Expiring stimulus efforts and a resurgence in foreclosures will challenge many markets. A recent report on mortgage delinquencies showed that more than 10% of Texas mortgage holders had missed a payment. While that's certainly a high number, it's still less than the national average. Texas is still well below the national average in foreclosure rates with only 2 percent of loans in foreclosure.
Markets in California and Florida could be looking at additional price declines of 25 to 30 percent. Part of the problem with these areas is the shear number of homes on the market, and the number of borrowers who are already severely underwater beyond the point where they are willing to walk away from their mortgage. Data suggests that the breaking point for homeowners is negative $70,000, meaning that when they are upside down by $70,000 the temptation to walk away from the debt becomes less about emotion and more simply a business decision.

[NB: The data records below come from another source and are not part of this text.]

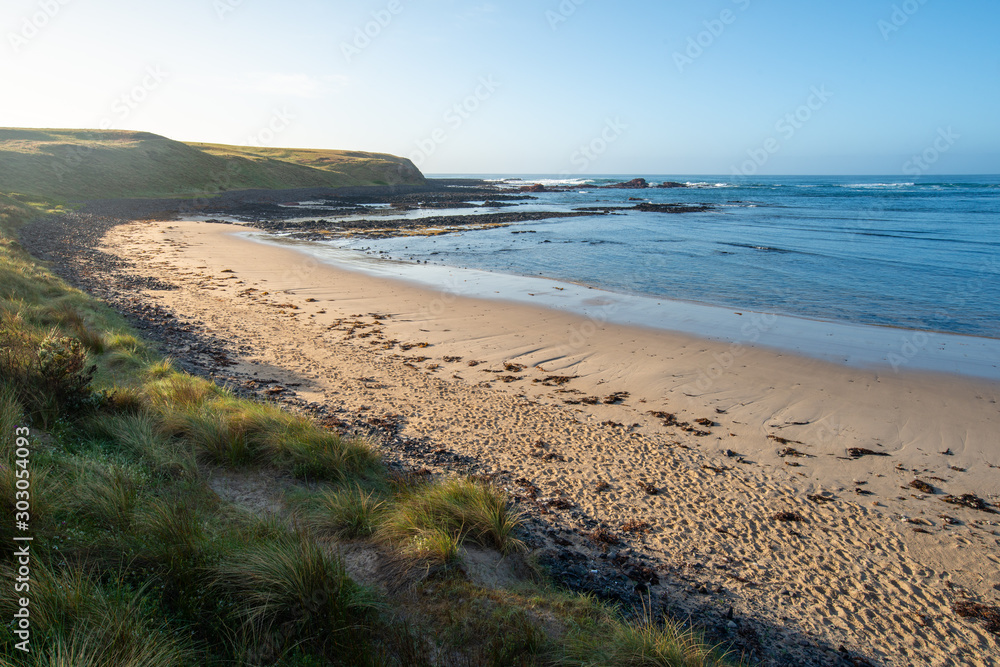 Landscape of Kitty Miller Bay at sunrise. This circular bay situated on the ocean side of Phillip Island is the perfect place for newbies through to experienced snorkelers.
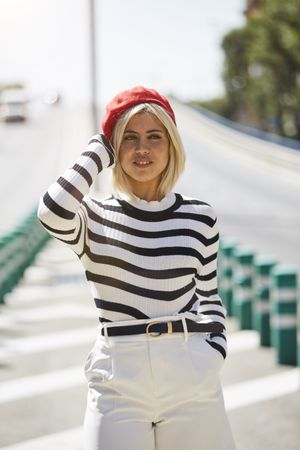 female in red beret outdoors
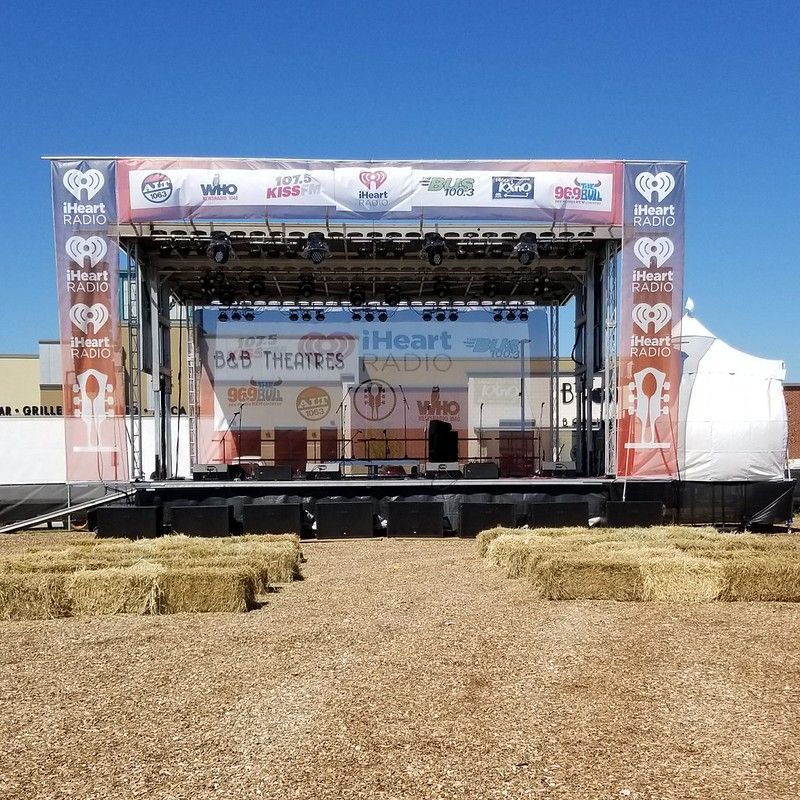 An outdoor iHeartRadio stage set up with hay bale seating on a dirt ground under a clear blue sky.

Houston area housing numbers show relative stability compared to the rest of the country, and that picture looks to continue going forward. Undoubtedly, some neighborhoods will not perform as well as others. Much of that variation will likely be attributed to inventory levels. It boils down to a simple supply and demand equation. Here is a perfect example:
Cinco Ranch - 2.9 months' inventory with an average price of $304,010 (sold prices)
Royal Oaks Country Club - 18.6 months' inventory with an average price of $720,448 (sold prices)
One of these markets is going to be a poor performer during the next 12 months. You be the judge.